# Thule 594xt Sidearm Vs Yakima Highroller



## cengle33 (Jun 25, 2007)

I'm in the market for a new roof top carrier for my 2004 Jeep Grand Cherokee and can't decide between the thule 594 xt and yakima Highroller. What are your experiences with these models? I will be using for a 29" cannondale mtb and a cannondale synapse road bike. Thanks for the help and happy trails.


----------



## tiflow_21 (Oct 27, 2005)

I've had multiple high rollers. Solid mounting system, have had great luck with them for the past 2+ years. Never used the thule, so can't comment there. Main reason I went with the high roller was it seemed less bulky and the trays seemed a bit wider/higher quality.


----------



## tednugent (Apr 16, 2009)

Quick question: Using the factory cross bars?

If so, you'll need some mighty mounts in order to mount the highroller to the factory cross bars.

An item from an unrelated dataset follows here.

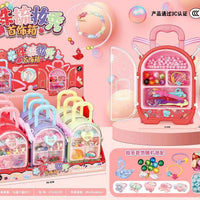 HKM-221267 Portable Kids Makeup Kit with Organic Eyeshadow, Lip Gloss, Nail Polish, and Makeup Bags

Yakima does have the new FrontLoader, which is universal out of the box. It doesn't feel as secure as the Highroller though. The Highrolller is more solidly built, so it can handle more weight.


----------



## cengle33 (Jun 25, 2007)

I already have the mighty mounts.


----------



## cracksandracks.com (Oct 22, 2009)

here's the video...in case you're still interested.


----------



## cengle33 (Jun 25, 2007)

Great video...I think i'm going to go with the highroller because it lays flat and it looks like the thule sidearm could possibly rub on the front fork.


----------



## cracksandracks.com (Oct 22, 2009)

there was a thread about that and the sidearm.  if you look at the photos of the sidearm...you'll see that the hook arm is off the front of the fork. personally, i pull the hook arm all the way up against my fork, and then ratchet it down, and there is some rubbing on my fork. 
the yakima highroller is a really nice looking rack too, and a much lower profile on the roof when not in use.


----------



## lutexas (Oct 29, 2008)

I am also looking for a roof rack. The only reason: security

After checking out all the available racks on the market and calling Yakima and Thule to ask questions, I think the sidearm would be more secure than the highroller.

On the Yakima highroller there is no lock to prevent somebody to turn the red knob and the cable looks thin.

The Thule sidearm has a lock on the arm itself but if you deflate or remove the front tire you can take the bike out.

I will get the sidearm and a rockguard cable lock to secure the frame to the roof rack.


----------



## cracksandracks.com (Oct 22, 2009)

i think that is a good call...the cable lock, while it is able to be passed thru the frame on the highroller is pretty thin.

let us know if we can help you with the sidearms....10% off, free shipping and in-stock!


----------



## tednugent (Apr 16, 2009)

lutexas said:


> I am also looking for a roof rack. The only reason: security
> 
> After checking out all the available racks on the market and calling Yakima and Thule to ask questions, I think the sidearm would be more secure than the highroller.
> 
> ...


If someone wants the bike off of your car that bad, they will find a way to steal. It's really just a deterrent for other thiefs.

you can loop the cable through the hoop, which, would prevent the hoop from fully disengaging.

See below for a pic using my road bike. I haven't tried my mountain bike yet.


----------



## JohnJ80 (Oct 10, 2008)

I love the highroller rack, but I hate those stupid lock cables. They get in the way more than they seem to help. Looking at this, it looks like they are anchored with only a little pop rivet. When you don't need the lock, the cables gets in the way, the lock parts slips out and whacks your roof etc... IMO, they are not worth the hassle.

I'd rather just add another lock and separate cable instead. One of these days, I may sit down and figure out how to get them off the rack entirely.

J.


----------



## JustMtnB44 (Nov 8, 2004)

I don't know of any roof rack tray that has a built-in lock that is worthwhile. They all seem to be either worthless or easily defeated. I didn't get the lock cores for the Sidearm because the entire rack tray can be easily removed since it's held on with hand nuts. When I need to lock my bike on the rack, I just use a cable lock and loop it through the bike frame and under the rack cross bars which are actually bolted and locked to the car.


----------



## atchipmunk (Aug 7, 2009)

I recently started running a Sidearm to carry my bike to and from the trail and I love it. It's a bit bulky when not in use, but I think it looks fine. Here's a pic...











JustMtnB44 said:


> I don't know of any roof rack tray that has a built-in lock that is worthwhile. They all seem to be either worthless or easily defeated. I didn't get the lock cores for the Sidearm because the entire rack tray can be easily removed since it's held on with hand nuts.


True...but the Sidearm does have a locked cover to prevent 2 of the hand nuts on the front tray from being removed. It's definitely not the most secure setup...I wouldn't leave my bike up there in public completely unattended. As they say, it's only gonna keep honest people honest. A real thief would be able to defeat that in a hearbeat...


----------